Optimal Mean-Reverting Spread Trading: Nonlinear Integral Equation Approach

TL;DR

This paper develops a nonlinear integral equation approach to solve optimal stopping problems for mean-reverting spread trading strategies modeled by the Ornstein-Uhlenbeck process, providing a numerical method to determine optimal trading boundaries.

Contribution

It introduces a novel nonlinear integral equation framework for solving optimal double stopping problems in mean-reverting spread trading, extending previous methods.

Findings

Derivation of Volterra-type integral equations for optimal boundaries

Numerical computation of optimal trading strategies

Application to multiple trading strategies including long-short and chooser

Abstract

We study several optimal stopping problems that arise from trading a mean-reverting price spread over a finite horizon. Modeling the spread by the Ornstein-Uhlenbeck process, we analyze three different trading strategies: (i) the long-short strategy; (ii) the short-long strategy, and (iii) the chooser strategy, i.e. the trader can enter into the spread by taking either long or short position.
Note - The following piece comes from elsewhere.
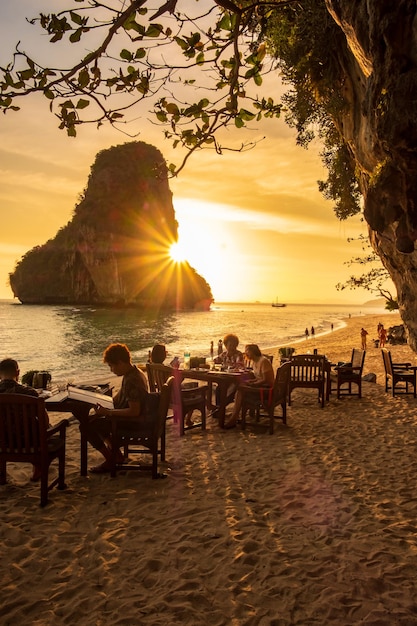 Caverna do restaurante na praia de Phra nang ao pôr do sol Railay Krabi Tailândia viagem de férias verão Wanderlust e conceito de férias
In each of these cases, we solve an optimal double stopping problem to determine the optimal timing for starting and subsequently closing the position. We utilize the local time-space calculus of Peskir (2005a) and derive the nonlinear integral equations of Volterra-type that uniquely char- acterize the boundaries associated with the optimal timing decisions in all three problems. These integral equations are used to numerically compute the optimal boundaries.